Por exemplo, suponha que a empresa possui R$ 500 após sua liquidação para serem distribuídos a seus credores. No exemplo abaixo, há recursos suficientes para realizar os pagamentos devidos em sua totalidade para as despesas do processo, obrigações trabalhistas, obrigações com garantia real e tributárias.
No entanto, após o quarto pagamento, sobram apenas R$ 60, ao passo em que há ainda R$ 100 a serem recebidos pelos credores sem garantia. Neste caso, eles receberão apenas os R$ 60 restantes e as demais obrigações (que incluem acionistas) não serão pagas.
Exemplo de ordem de pagamentos em caso de falência:

Ressalta-se que este é apenas um exemplo.
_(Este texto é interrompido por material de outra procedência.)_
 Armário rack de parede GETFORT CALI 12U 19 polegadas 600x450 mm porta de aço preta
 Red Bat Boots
Pode ocorrer o caso de um saldo inicial ser menor do que as despesas do processo, não restando recursos para nenhum outro credor. Ou casos em que é possível cobrir todos os credores e tudo só é conhecido durante o processo.
O que acompanhar na RJ?
O Agente Fiduciário (“AF”) é a entidade responsável por representar e proteger o direito dos investidores frente à companhia emissora. Os titulares dos ativos podem entrar em contato com os AFs para esclarecimento de dúvidas e solicitação de informações.
As assembleias são constituídas por credores, e nelas são deliberadas as ordens do dia, com o intuito de atender da forma mais eficiente ao interesse das partes envolvidas.
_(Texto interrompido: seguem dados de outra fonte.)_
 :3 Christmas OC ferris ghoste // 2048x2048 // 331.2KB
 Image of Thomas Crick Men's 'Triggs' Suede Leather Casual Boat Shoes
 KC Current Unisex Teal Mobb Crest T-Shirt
As ordens do dia estão presentes nos editais, e consistem na pauta sobre o que será discutido na assembleia em questão. Já os editais são documentos, geralmente publicados em jornais de grande circulação, que divulgam avisos, concorrências, chamadas e outras determinações de interesse comum.
Como visto, a RJ é um processo complexo e com regras específicas, podendo ser moroso. Em uma situação de RJ, é importante que o investidor acompanhe os passos orientados pelo agente fiduciário.
A diversificação se apresenta como uma ferramenta essencial para mitigar o impacto de eventos de crédito (inadimplência) em uma carteira de renda fixa. Recomendamos uma exposição máxima na carteira total de 5% em um único emissor, e de 20% em crédito privado.